§ **WHAT THE EXERCISE ASKS**
Repeat the data exactly as given below, dropping every picture.

INFORMATION SUPPLIED Block Start

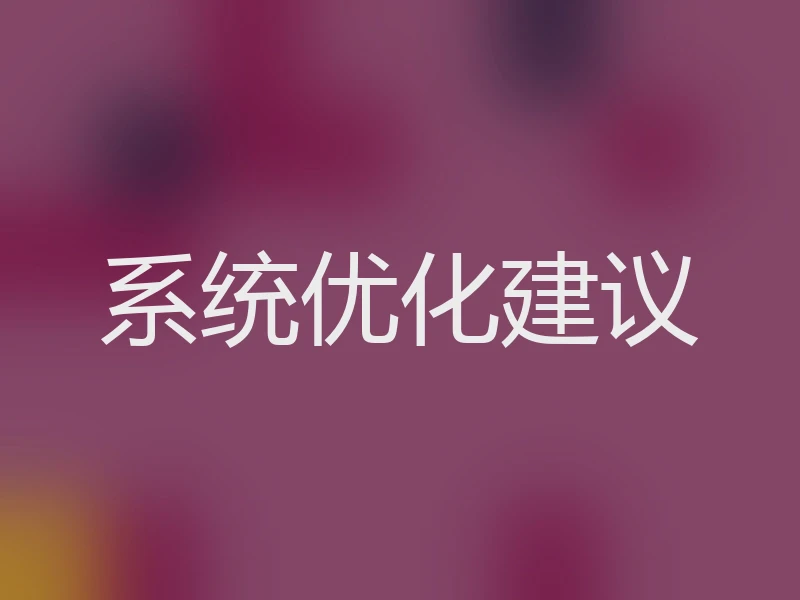 系统优化建议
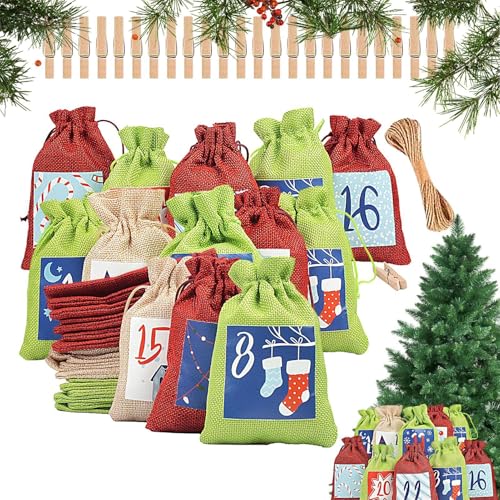 ycezw Weihnachts-Adventskalender-Beutel, wiederverwendbare Weihnachts-Kordelzugbeutel - 2024 Weihnachts-Süßigkeitstüten für Partygeschenke | Wiederverwendbare 24 x Leckerlibeutel aus Sackleinen mit von ycezw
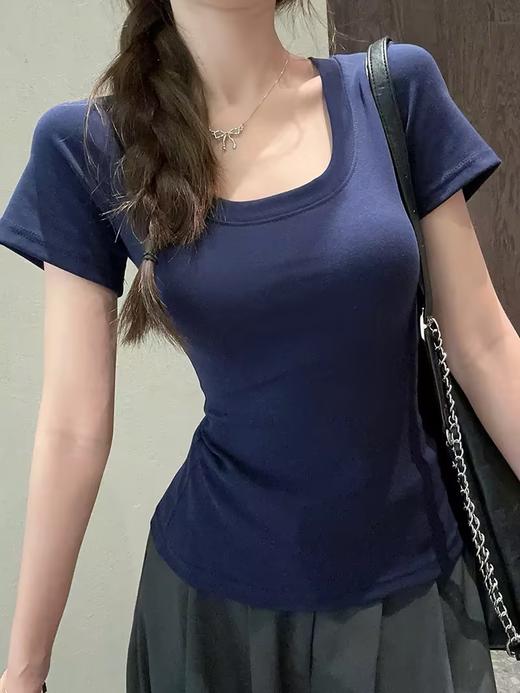 GZ买手优选百搭U领正肩短袖T恤修身显瘦纯色基础款上衣170795563（预售3-5天发货） 商品图3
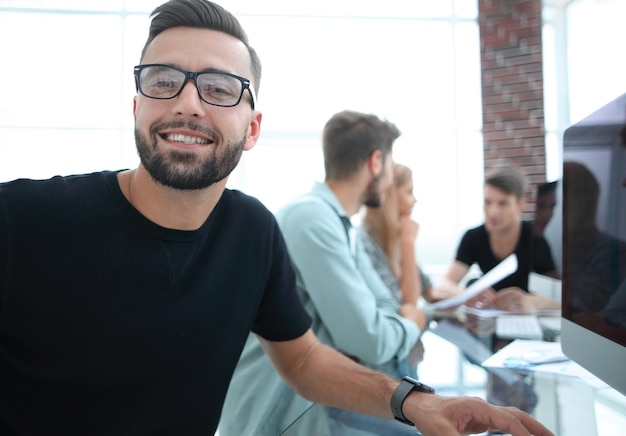 Team young professionals having casual discussion in office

INFORMATION SUPPLIED Block End

§ **TASK RESPONSE**
 系统优化建议
 ycezw Weihnachts-Adventskalender-Beutel, wiederverwendbare Weihnachts-Kordelzugbeutel - 2024 Weihnachts-Süßigkeitstüten für Partygeschenke | Wiederverwendbare 24 x Leckerlibeutel aus Sackleinen mit von ycezw
 GZ买手优选百搭U领正肩短袖T恤修身显瘦纯色基础款上衣170795563（预售3-5天发货） 商品图3
 Team young professionals having casual discussion in office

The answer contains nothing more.